The exploits of Holger Hoiriis must be the best-kept secret in Delaware aviation. Did you know, for example, that the Danish-born airman once flew a Bellanca Pacemaker nonstop to Europe, and on landing, fell fast asleep on the ramp?
Hoiriis came to America in 1924 at age 23, took flying lessons on Long Island, bought an airplane, gave rides for $1.50 and soon owned several biplanes. In the Catskills, he befriended a successful photographer, Otto Hillig, who had money and a passion for planes, but didn't know how to fly. The pair bought a Pacemaker from Bellanca and flew to Florida to find clouds and fog in which to practice instrument flight.

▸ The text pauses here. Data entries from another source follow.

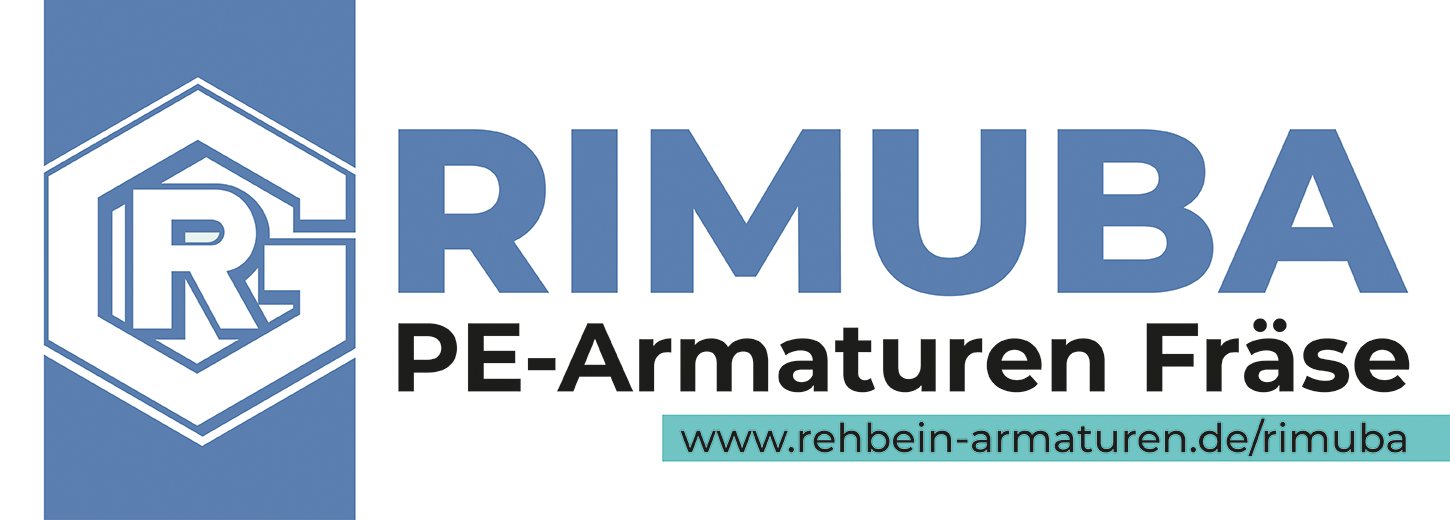 RIMUBA-Logo_Final-RGB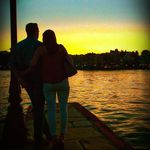 Profile Picture of Maria's cloud 💭 (@oneirologio__) on Instagram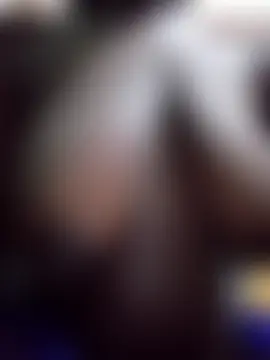 EmmaMiaa Obrolan Langsung XXX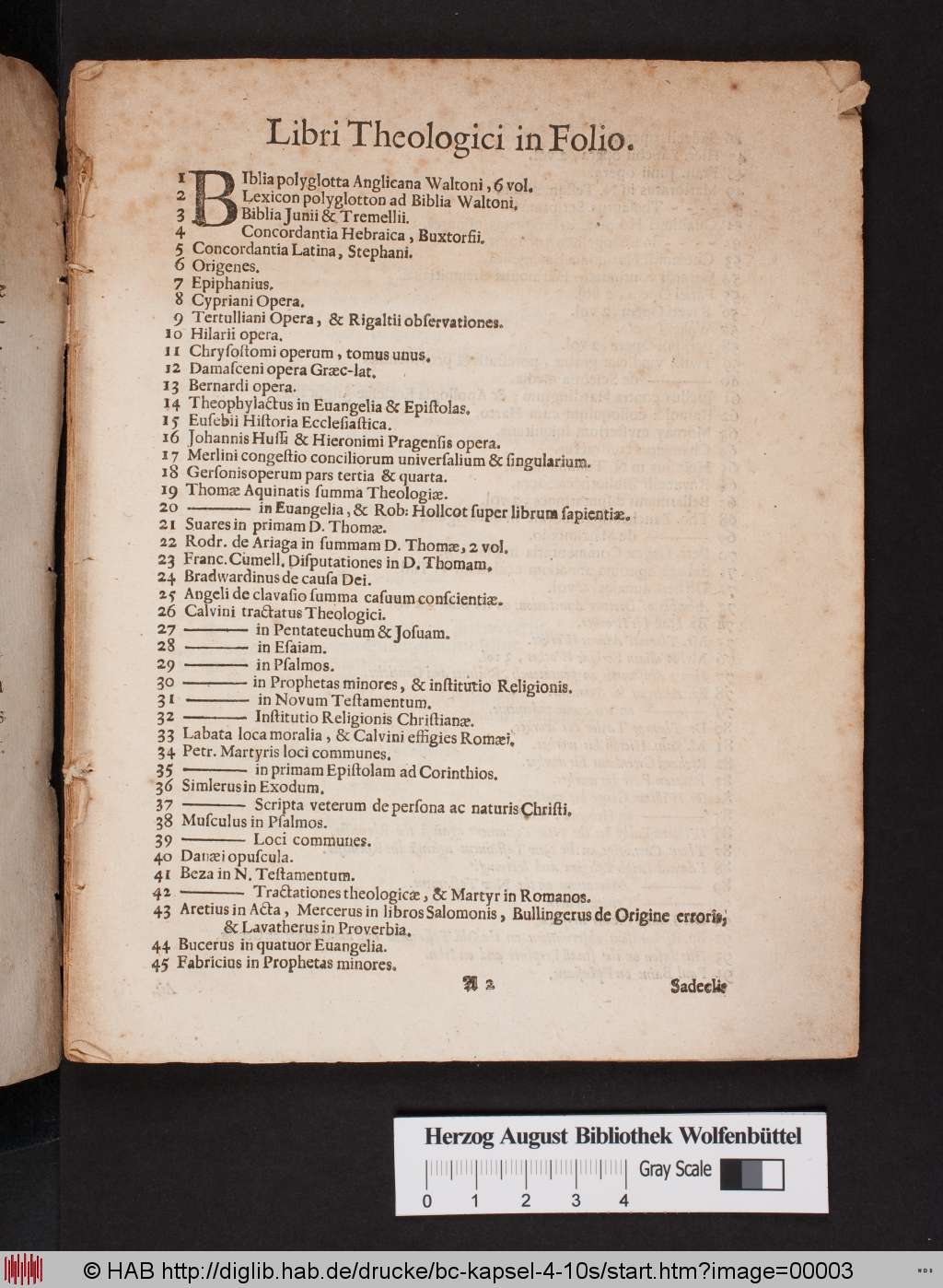 http://diglib.hab.de/drucke/bc-kapsel-4-10s/00003.jpg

There in Ormond Beach, Florida, Holger met his future wife, Eldred Boynton of Wilmington, a graduate of Friends School. But the friendship had to wait - Holger and Otto had another idea: Destination Denmark.
On June 24,1931, the pair took off from Newfoundland in their red and white Pacemaker, with the name "Liberty" painted on its fuselage. They carried 600 gallons of gasoline with 3,150 miles to go. They encountered squalls, strong northerly winds, and ice. Finally, they spotted land, but after three more hours of flying, realized that they had drifted to Spain. Hoiriis turned north. With nightfall closing in, he landed at Bremen, Germany Having done all the flying, Holger fell asleep under a wing and was carried off the field.
Next day, arriving at Copenhagen, Holger and Otto were greeted by scores of planes, 100,000 Danes, plus royalty bearing the nation's highest honors for heroes. On return to the United States, they were mobbed by hordes of crowds.
Holger married Miss Boynton, resumed barnstorming, then joined Air Services at Bellanca Airfield as an instructor and Bellanca Company as a test pilot. He was a pioneer pilot in All American Aviation's mail pickup service, and in 1939 demonstrated the world's first night pickup service at Bellanca Field.
With war approaching, Hoiriis was named first commander of the Delaware Wing of the Civil Air Patrol. But he died suddenly on August 7,1942, from a relapse of typhoid fever, leaving his wife Eldred and three daughters: Elsie and twins Karen and Lelia. Karen Hasek and Lelia Hunt live in Ohio and New Jersey, respectively.